Merging three CSV files with a primary key

Question 1

This is my first time coding in my life. I don't really know much about coding. I googled whatever I need and combined them all together. It works great, but want to know if there is any improvement needed.
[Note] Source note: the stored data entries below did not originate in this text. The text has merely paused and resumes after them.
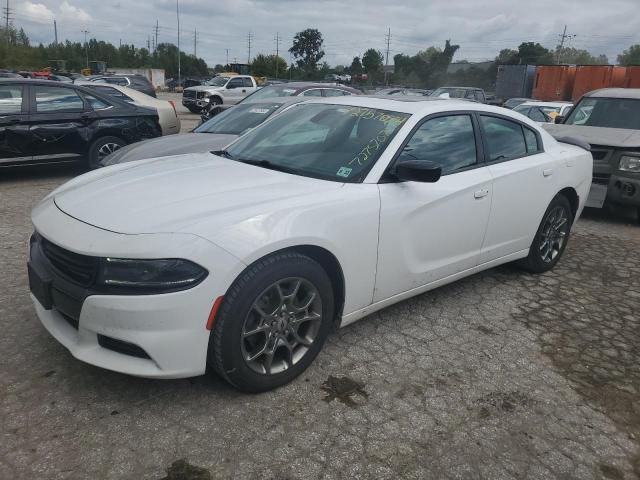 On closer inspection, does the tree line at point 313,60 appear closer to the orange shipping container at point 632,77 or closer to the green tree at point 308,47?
the green tree at point 308,47

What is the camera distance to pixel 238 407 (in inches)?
107

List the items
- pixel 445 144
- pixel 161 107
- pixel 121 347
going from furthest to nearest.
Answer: pixel 161 107 → pixel 445 144 → pixel 121 347

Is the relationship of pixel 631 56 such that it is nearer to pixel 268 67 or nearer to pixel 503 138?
pixel 268 67

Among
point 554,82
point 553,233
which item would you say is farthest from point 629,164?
point 554,82

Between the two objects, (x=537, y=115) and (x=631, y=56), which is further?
(x=631, y=56)

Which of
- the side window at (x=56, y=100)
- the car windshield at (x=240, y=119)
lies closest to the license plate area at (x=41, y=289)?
the car windshield at (x=240, y=119)

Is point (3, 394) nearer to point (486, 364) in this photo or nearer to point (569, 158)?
point (486, 364)

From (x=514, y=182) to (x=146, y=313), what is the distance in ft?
9.75

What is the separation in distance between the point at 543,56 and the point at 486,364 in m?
89.6

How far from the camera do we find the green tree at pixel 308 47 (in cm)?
9312

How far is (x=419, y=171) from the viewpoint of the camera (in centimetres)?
309

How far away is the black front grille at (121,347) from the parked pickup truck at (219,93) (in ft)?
72.4

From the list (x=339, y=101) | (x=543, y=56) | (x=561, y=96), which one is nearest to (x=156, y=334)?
(x=339, y=101)

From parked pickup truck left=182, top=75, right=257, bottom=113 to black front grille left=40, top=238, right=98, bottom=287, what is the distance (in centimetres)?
2179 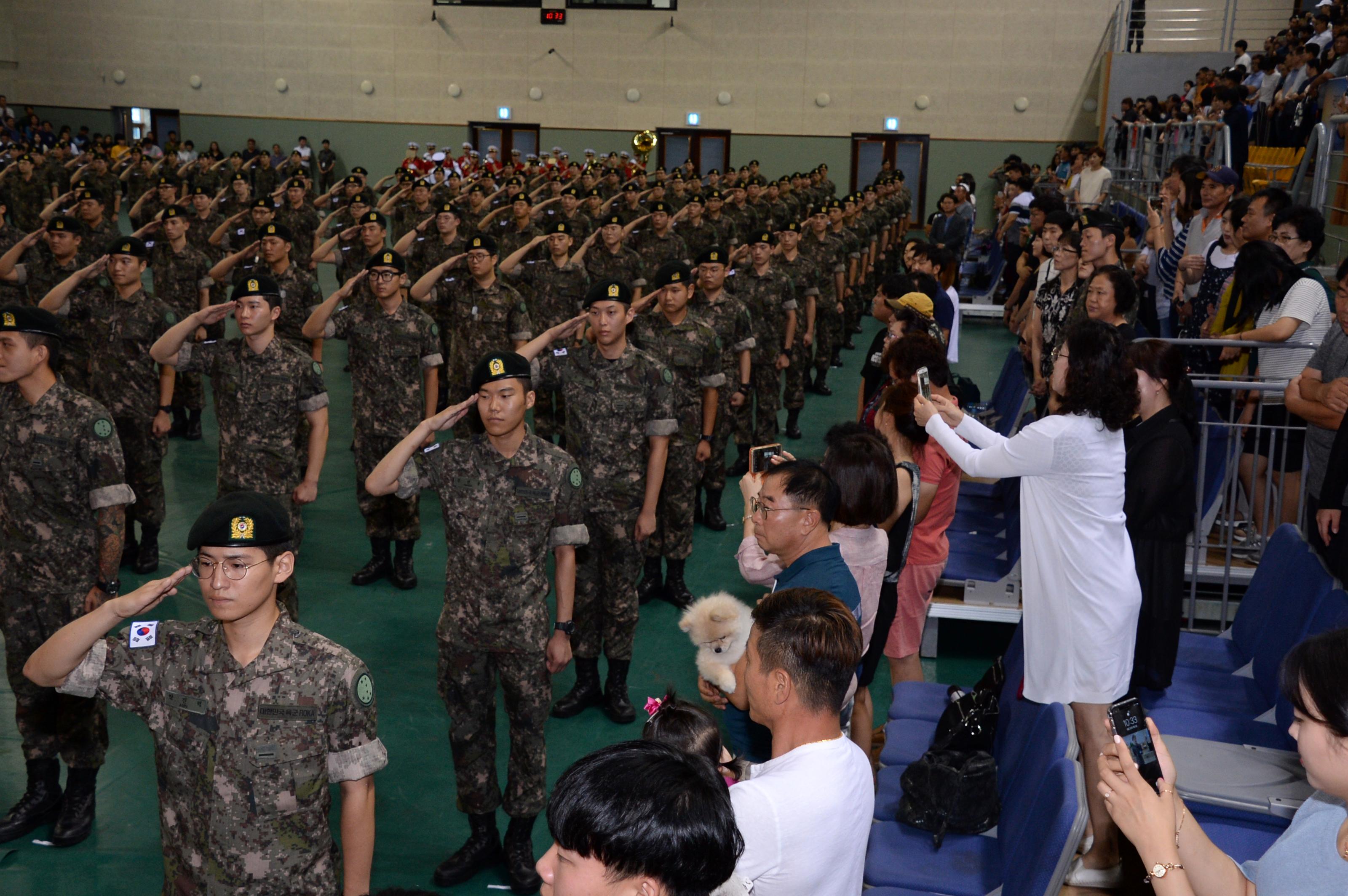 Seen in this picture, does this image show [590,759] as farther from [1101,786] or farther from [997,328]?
[997,328]

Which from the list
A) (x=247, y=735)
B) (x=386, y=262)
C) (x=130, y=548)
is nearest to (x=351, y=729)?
(x=247, y=735)

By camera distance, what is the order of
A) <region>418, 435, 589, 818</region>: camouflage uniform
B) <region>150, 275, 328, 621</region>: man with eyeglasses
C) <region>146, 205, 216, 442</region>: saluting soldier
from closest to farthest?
<region>418, 435, 589, 818</region>: camouflage uniform → <region>150, 275, 328, 621</region>: man with eyeglasses → <region>146, 205, 216, 442</region>: saluting soldier

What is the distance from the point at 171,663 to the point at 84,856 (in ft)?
6.09

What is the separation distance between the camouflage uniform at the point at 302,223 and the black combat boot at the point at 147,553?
747cm

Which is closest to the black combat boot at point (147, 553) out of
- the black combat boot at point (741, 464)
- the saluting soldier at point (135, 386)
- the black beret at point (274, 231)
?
the saluting soldier at point (135, 386)

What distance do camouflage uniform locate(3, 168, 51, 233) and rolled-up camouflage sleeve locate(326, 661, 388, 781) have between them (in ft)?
54.5

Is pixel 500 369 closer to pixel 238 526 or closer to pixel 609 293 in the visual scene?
pixel 238 526

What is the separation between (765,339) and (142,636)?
6219 mm

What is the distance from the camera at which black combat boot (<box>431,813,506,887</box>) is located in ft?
12.5

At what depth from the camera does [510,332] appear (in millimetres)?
7914

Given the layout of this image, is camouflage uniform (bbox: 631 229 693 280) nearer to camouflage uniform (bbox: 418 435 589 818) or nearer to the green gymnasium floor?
the green gymnasium floor

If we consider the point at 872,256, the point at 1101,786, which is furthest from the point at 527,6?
the point at 1101,786

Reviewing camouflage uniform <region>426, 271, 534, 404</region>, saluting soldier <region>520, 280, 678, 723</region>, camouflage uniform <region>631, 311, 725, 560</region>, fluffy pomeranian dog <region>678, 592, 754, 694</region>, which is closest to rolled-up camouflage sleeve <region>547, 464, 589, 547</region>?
fluffy pomeranian dog <region>678, 592, 754, 694</region>

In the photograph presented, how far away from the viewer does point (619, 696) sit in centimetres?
497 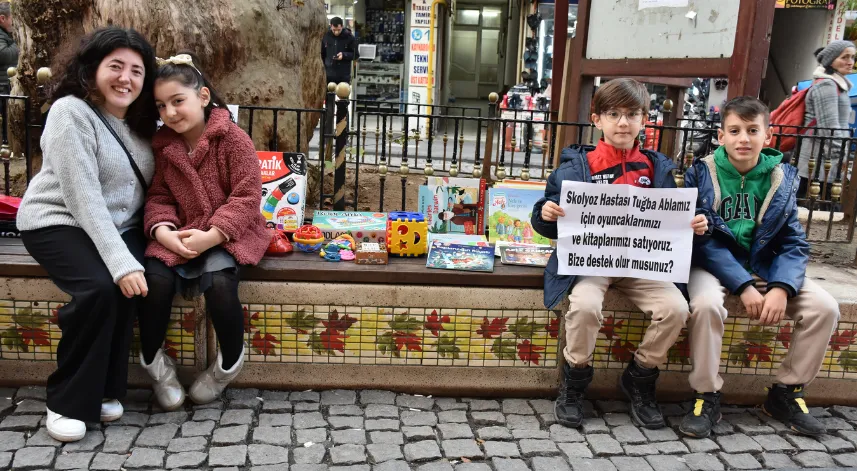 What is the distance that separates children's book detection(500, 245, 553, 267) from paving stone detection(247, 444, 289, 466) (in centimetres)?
142

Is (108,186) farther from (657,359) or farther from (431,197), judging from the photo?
(657,359)

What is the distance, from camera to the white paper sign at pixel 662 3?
4.66 metres

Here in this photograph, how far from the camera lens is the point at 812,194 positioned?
492cm

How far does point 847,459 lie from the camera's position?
305cm

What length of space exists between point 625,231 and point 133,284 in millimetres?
2139

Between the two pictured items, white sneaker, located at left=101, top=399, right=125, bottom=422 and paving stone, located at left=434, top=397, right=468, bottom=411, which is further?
paving stone, located at left=434, top=397, right=468, bottom=411

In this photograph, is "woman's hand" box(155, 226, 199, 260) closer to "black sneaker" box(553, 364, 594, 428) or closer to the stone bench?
the stone bench

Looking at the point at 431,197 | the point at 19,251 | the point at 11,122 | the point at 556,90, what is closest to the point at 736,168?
the point at 431,197

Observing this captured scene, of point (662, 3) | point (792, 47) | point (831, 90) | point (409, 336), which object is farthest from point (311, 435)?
point (792, 47)

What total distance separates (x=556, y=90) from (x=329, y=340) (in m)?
4.84

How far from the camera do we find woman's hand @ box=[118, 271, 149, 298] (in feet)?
9.53

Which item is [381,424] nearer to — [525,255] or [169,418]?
[169,418]

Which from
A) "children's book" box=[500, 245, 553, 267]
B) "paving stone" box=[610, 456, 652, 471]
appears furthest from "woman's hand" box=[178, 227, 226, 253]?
"paving stone" box=[610, 456, 652, 471]

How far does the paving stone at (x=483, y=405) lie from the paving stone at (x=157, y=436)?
1.35 metres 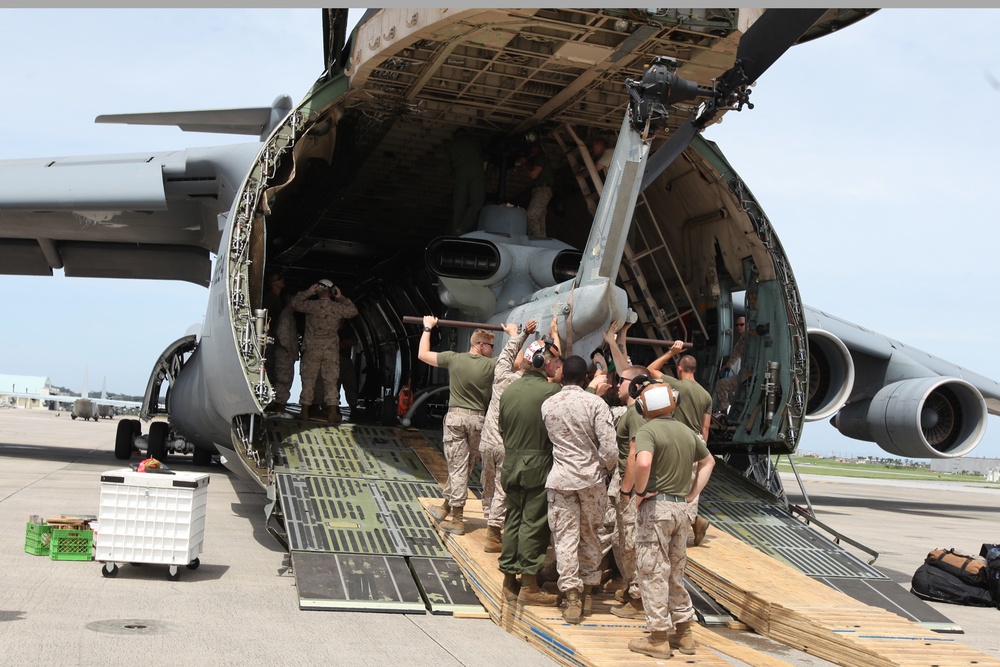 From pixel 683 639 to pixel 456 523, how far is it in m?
2.52

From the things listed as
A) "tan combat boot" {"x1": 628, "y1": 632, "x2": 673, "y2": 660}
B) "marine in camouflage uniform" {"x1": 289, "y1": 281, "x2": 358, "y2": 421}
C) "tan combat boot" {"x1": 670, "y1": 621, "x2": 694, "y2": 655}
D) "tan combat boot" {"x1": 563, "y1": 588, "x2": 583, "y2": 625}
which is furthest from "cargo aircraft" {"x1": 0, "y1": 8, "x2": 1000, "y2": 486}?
"tan combat boot" {"x1": 628, "y1": 632, "x2": 673, "y2": 660}

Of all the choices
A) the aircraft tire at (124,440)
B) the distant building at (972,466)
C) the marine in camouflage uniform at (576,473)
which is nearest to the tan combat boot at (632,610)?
the marine in camouflage uniform at (576,473)

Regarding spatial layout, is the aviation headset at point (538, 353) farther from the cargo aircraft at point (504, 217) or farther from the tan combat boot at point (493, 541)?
the tan combat boot at point (493, 541)

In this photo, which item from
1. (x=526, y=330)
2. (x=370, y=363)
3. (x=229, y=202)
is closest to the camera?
(x=526, y=330)

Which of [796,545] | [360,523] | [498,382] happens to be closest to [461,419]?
[498,382]

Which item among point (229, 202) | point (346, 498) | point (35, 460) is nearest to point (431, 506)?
point (346, 498)

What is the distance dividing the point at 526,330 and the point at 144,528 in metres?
3.11

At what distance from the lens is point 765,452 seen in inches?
415

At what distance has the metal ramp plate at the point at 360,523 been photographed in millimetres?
6590

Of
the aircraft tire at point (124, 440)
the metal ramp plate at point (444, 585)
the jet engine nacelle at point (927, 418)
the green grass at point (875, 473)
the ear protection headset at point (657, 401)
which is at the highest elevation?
the ear protection headset at point (657, 401)

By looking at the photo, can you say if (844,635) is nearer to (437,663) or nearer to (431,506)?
(437,663)

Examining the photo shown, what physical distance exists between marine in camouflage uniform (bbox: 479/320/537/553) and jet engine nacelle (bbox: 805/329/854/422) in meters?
5.68

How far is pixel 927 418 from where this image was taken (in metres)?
14.5

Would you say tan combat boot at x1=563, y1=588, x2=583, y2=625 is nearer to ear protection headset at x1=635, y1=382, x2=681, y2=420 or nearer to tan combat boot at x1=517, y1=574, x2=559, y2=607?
tan combat boot at x1=517, y1=574, x2=559, y2=607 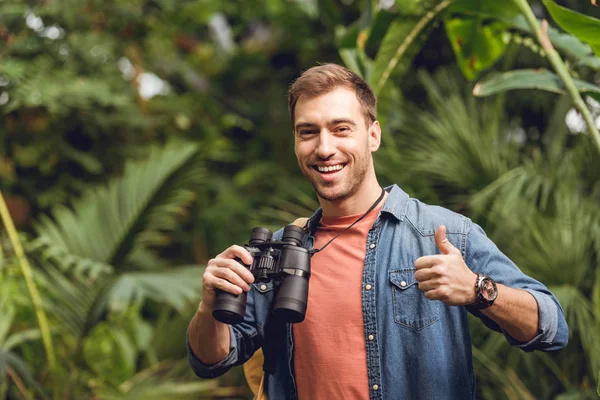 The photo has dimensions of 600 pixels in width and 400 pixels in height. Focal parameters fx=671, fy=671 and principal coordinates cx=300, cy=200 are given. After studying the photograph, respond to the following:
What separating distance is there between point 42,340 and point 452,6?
3051 millimetres

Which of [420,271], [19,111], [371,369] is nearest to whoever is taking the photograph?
[420,271]

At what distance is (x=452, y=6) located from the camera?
280cm

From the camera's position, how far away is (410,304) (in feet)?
5.86

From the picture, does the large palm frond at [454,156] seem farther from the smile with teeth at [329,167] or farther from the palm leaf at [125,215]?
the smile with teeth at [329,167]

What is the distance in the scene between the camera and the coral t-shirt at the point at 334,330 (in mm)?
1745

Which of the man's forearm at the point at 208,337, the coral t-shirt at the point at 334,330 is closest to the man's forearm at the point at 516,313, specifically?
the coral t-shirt at the point at 334,330

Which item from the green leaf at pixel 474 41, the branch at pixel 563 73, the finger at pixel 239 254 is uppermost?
the green leaf at pixel 474 41

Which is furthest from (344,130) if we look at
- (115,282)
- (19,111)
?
(19,111)

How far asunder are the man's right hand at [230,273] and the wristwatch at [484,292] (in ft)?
1.87

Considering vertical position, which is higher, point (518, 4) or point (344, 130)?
point (518, 4)

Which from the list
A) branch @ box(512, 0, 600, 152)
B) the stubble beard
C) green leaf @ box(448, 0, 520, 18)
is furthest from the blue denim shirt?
green leaf @ box(448, 0, 520, 18)

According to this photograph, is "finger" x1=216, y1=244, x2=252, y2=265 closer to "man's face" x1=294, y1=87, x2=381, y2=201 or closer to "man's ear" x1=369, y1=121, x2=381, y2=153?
"man's face" x1=294, y1=87, x2=381, y2=201

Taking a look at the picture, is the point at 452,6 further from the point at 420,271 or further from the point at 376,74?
the point at 420,271

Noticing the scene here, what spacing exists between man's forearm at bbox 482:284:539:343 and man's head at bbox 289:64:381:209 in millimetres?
532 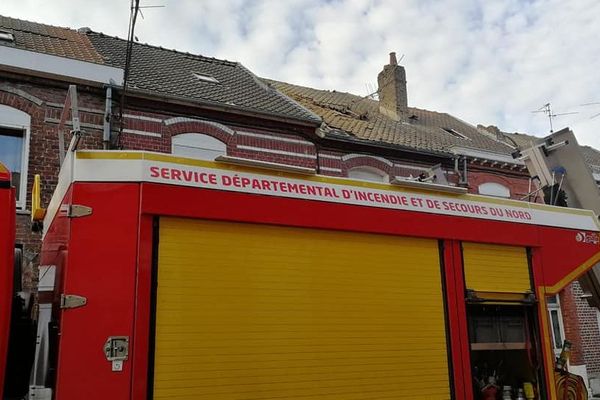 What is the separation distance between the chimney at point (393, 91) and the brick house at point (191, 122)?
90 cm

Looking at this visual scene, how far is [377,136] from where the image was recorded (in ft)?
52.7

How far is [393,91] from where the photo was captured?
20859 mm

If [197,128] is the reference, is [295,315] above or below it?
below

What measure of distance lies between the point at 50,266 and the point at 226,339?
1.53m

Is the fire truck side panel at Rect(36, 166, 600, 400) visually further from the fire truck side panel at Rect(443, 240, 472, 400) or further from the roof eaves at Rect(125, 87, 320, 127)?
the roof eaves at Rect(125, 87, 320, 127)

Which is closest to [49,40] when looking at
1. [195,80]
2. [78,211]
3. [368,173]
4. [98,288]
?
[195,80]

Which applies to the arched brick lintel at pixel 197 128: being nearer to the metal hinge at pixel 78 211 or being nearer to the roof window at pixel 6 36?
the roof window at pixel 6 36

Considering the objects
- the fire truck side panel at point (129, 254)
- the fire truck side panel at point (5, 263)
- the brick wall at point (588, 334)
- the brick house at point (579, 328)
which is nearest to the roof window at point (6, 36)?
the fire truck side panel at point (129, 254)

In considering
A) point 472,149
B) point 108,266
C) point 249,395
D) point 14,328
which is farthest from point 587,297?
point 472,149

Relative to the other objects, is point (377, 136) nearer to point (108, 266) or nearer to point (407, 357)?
point (407, 357)

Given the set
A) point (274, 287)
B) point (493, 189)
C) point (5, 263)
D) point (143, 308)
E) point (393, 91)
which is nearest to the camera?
point (5, 263)

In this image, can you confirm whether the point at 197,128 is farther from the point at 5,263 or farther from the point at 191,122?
the point at 5,263

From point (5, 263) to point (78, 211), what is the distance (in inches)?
20.0

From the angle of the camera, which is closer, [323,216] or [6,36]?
[323,216] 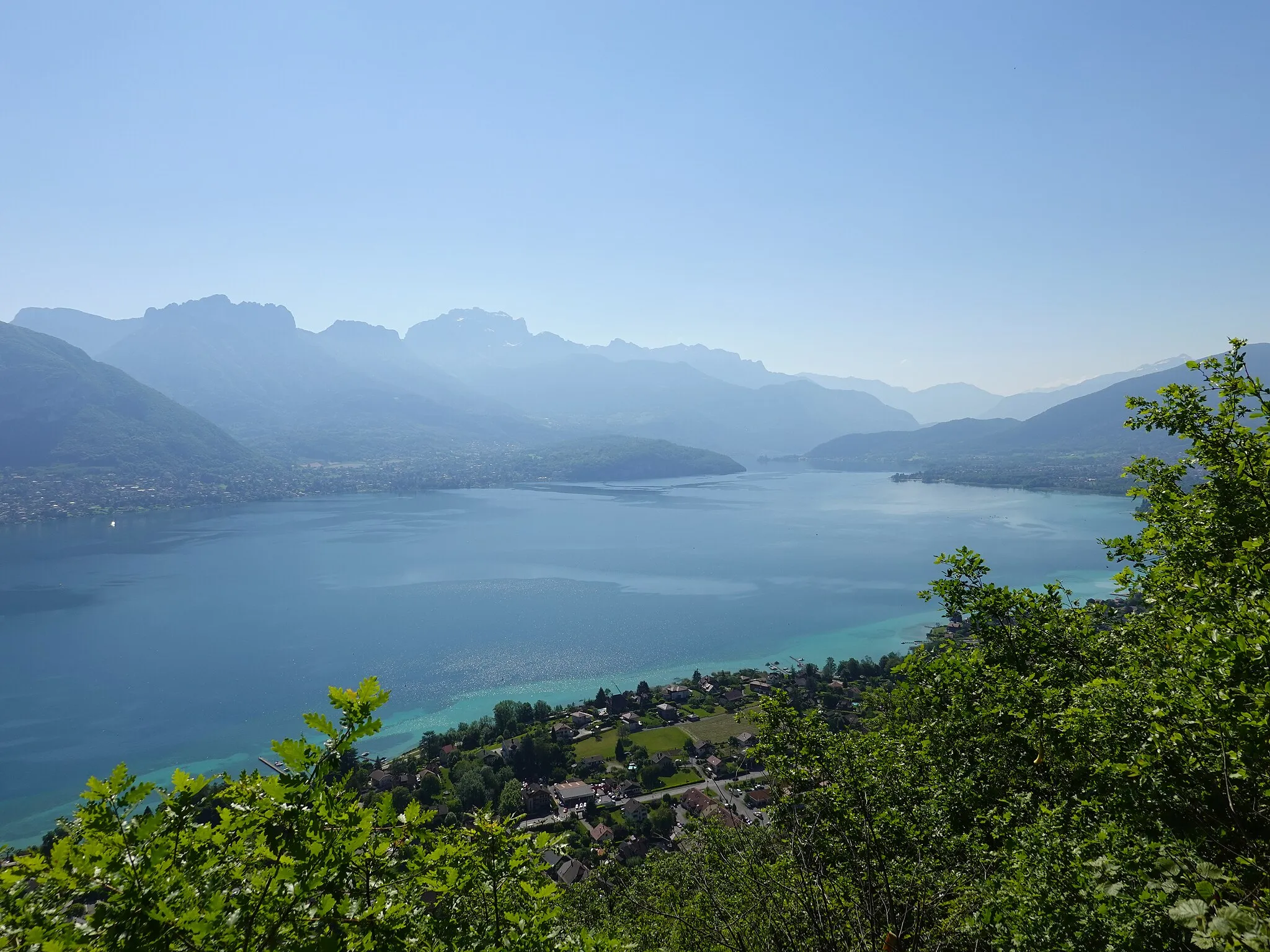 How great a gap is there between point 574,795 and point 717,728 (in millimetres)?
7168

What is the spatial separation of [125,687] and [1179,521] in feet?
131

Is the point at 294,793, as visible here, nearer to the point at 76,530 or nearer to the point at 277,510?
the point at 76,530

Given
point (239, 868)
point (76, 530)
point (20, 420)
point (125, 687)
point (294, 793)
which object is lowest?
point (125, 687)

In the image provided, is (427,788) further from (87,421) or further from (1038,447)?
(1038,447)

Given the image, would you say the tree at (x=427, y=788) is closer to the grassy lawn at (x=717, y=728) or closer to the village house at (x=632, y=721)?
the village house at (x=632, y=721)

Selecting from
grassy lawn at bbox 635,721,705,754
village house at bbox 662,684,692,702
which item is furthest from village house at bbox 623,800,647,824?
Result: village house at bbox 662,684,692,702

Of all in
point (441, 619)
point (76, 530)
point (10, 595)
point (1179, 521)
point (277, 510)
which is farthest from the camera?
point (277, 510)

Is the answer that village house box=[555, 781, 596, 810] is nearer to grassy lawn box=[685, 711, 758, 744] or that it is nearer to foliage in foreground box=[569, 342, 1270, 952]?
grassy lawn box=[685, 711, 758, 744]

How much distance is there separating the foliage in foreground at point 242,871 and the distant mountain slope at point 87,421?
415 ft

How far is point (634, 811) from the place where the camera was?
18.9m

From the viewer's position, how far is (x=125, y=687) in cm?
3012

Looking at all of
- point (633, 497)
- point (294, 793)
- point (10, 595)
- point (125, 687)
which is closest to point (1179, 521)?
point (294, 793)

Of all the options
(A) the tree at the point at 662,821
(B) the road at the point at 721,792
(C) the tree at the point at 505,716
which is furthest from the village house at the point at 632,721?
(A) the tree at the point at 662,821

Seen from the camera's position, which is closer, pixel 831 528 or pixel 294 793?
pixel 294 793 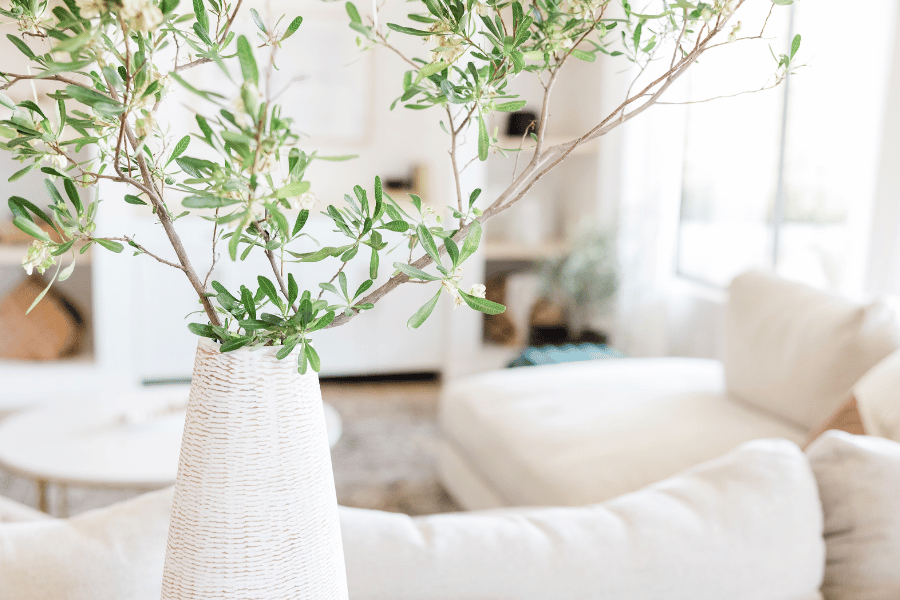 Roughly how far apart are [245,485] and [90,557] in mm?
269

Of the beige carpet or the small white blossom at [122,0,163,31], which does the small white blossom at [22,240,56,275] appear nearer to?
the small white blossom at [122,0,163,31]

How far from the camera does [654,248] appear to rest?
3.70m

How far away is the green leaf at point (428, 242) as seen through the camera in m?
0.48

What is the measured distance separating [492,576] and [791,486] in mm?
334

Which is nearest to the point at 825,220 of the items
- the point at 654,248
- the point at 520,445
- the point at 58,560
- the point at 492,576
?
the point at 654,248

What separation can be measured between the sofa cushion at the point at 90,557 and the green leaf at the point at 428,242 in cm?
39

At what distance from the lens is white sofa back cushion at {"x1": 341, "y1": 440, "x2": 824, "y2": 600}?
2.43 ft

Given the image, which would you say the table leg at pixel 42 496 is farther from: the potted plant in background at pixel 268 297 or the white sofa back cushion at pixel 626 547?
the potted plant in background at pixel 268 297

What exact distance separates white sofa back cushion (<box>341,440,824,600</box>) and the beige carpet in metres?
1.80

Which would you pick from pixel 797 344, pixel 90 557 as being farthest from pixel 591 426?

Is there a better language to write in?

import os, csv, re, time
from datetime import date, timedelta
SendIDs =[]
BouncedEAes=[]
SubKeys=[]
MerchantIDs=[]
EventDates=[]
BounceCategories=[]
BounceReasones=[]
#SendTimes=[] #To find the most recent date that a welcome email was sent.
BounceDate=0
f = open("SendJobs.csv") #To get Send IDs and dates for Welcome emails
for row in csv.reader(f):
 if "Welcome" in row[7]:
 SendIDs.append(row[1])
 # SendTimes.append(
 # time.strftime("%Y%m%d",
 # time.strptime(row[5],"%m/%d/%Y %H:%M:%S %p")))
f.close()
# if not os.path.exists('SendIDs.csv'):
# open('SendIDs.csv', 'w').close()
# f = open("SendIDs.csv")
# for row in csv.reader(f):
# SendIDs.append(row[0])
# UniqSendIDs = {}.fromkeys(SendIDs).keys()
# f.close()
# f = open("SendIDs.csv","w")
# with f as output:
# writer = csv.writer(output, lineterminator='\n')
# for item in UniqSendIDs:
# writer.writerow([item])
# f.close()
f = open('Bounces.csv')
for row in csv.reader(f):
 for item in SendIDs: #OR UniqSendIDs
 if item == row[1]:
 SubKeys.append(row[2])
 BouncedEAes.append(row[3])
 BounceCategories.append(row[8])
 BounceReasones.append(row[10])
 #EventDate: Only need bounce date, NO time required.
 BounceDate = time.strptime(row[6],"%m/%d/%Y %H:%M:%S %p")
 BounceDate = time.strftime("%m/%d/%Y", BounceDate)
 EventDates.append(BounceDate)
f.close()
f = open('Attributes.csv')
for row in csv.reader(f):
 for item in BouncedEAes:
 if item == row[2]:
 MerchantIDs.append(row[4])
f.close()
SubKeys.insert(0,"SubscriberKey")
BouncedEAes.insert(0,"EmailAddress")
MerchantIDs.insert(0,"Merchant_Number")
EventDates.insert(0,"EventDate")
BounceCategories.insert(0,"BounceCategory")
BounceReasones.insert(0,"BounceReason")
new_data=[[SubKeys[i],BouncedEAes[i], MerchantIDs[i], EventDates[i], BounceCategories[i], BounceReasones[i]] for i in range(len(BouncedEAes))]
# if len(SendTimes)==0:
# yesterday = date.today() - timedelta(1)
# SendTimes.append("NoWelcomeEmailsSent_"+yesterday.strftime("%Y%m%d"))
# if len(BouncedEAes)==1:
# SendTimes.append("NoBouncedEmails_"+SendTimes[-1])
# FILENAME FORMAT: Welcome-Cadence-#2-RESULT-YYYYMMDD
# YYYYMMDD: One day before the day the file was received.
yesterday = date.today() - timedelta(1)
f=open("Welcome-"+yesterday.strftime('%Y%m%d')+".csv","wb")
output=csv.writer(f)
for row in new_data:
 output.writerow(row)
f.close()
"""
ERROR MESSAGES
"""
#new_data=[[SubKeys[i],BouncedEAes[i], MerchantIDs[i], EventDates[i], BounceCategories[i], BounceReasones[i]] for i in range(len(BouncedEAes))]
#IndexError: list index out of range
"""
Check Attributes.csv
"""

Question 2

If this is your first program ever, then I am impressed. The code is easy to understand, and aside from the commented-out code that you left there, quite clean.

What you could improve

Better use of data structures, part 1:

When processing Bounces.csv, you match SendIDs with column 1 using...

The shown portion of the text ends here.